- [Assigned task]:
Every line of the data should be written out exactly, with the pictures left out.

- [Given material]:
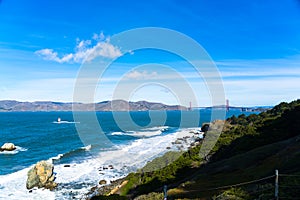 The view of golden gate bridge in Lands end at San Francisco- San Francisco. summer , cloud , rock , sea, plant.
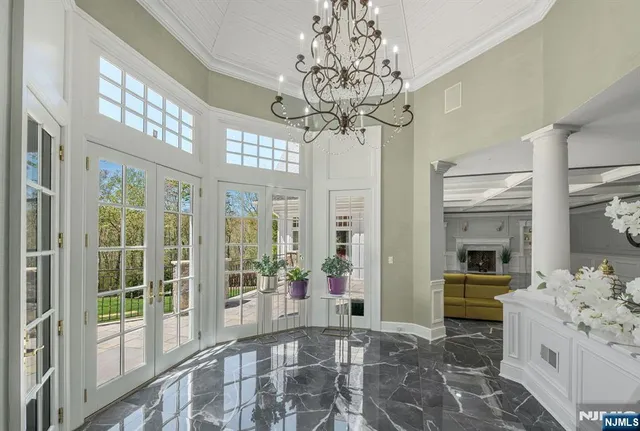 a large white kitchen with granite countertop a large window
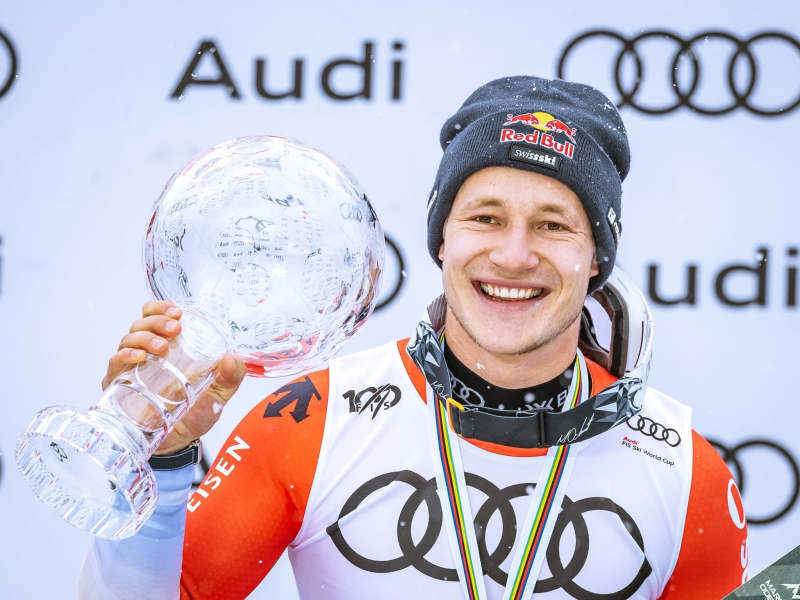 Swiss ski racer Marco Odermatt celebrates with the trophy at the award ceremony of the Men's Overall downhill World Cup. Expa/Johann Groder/APA/dpa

- [Written reply]:
 The view of golden gate bridge in Lands end at San Francisco- San Francisco. summer , cloud , rock , sea, plant.
 a large white kitchen with granite countertop a large window
 Swiss ski racer Marco Odermatt celebrates with the trophy at the award ceremony of the Men's Overall downhill World Cup. Expa/Johann Groder/APA/dpa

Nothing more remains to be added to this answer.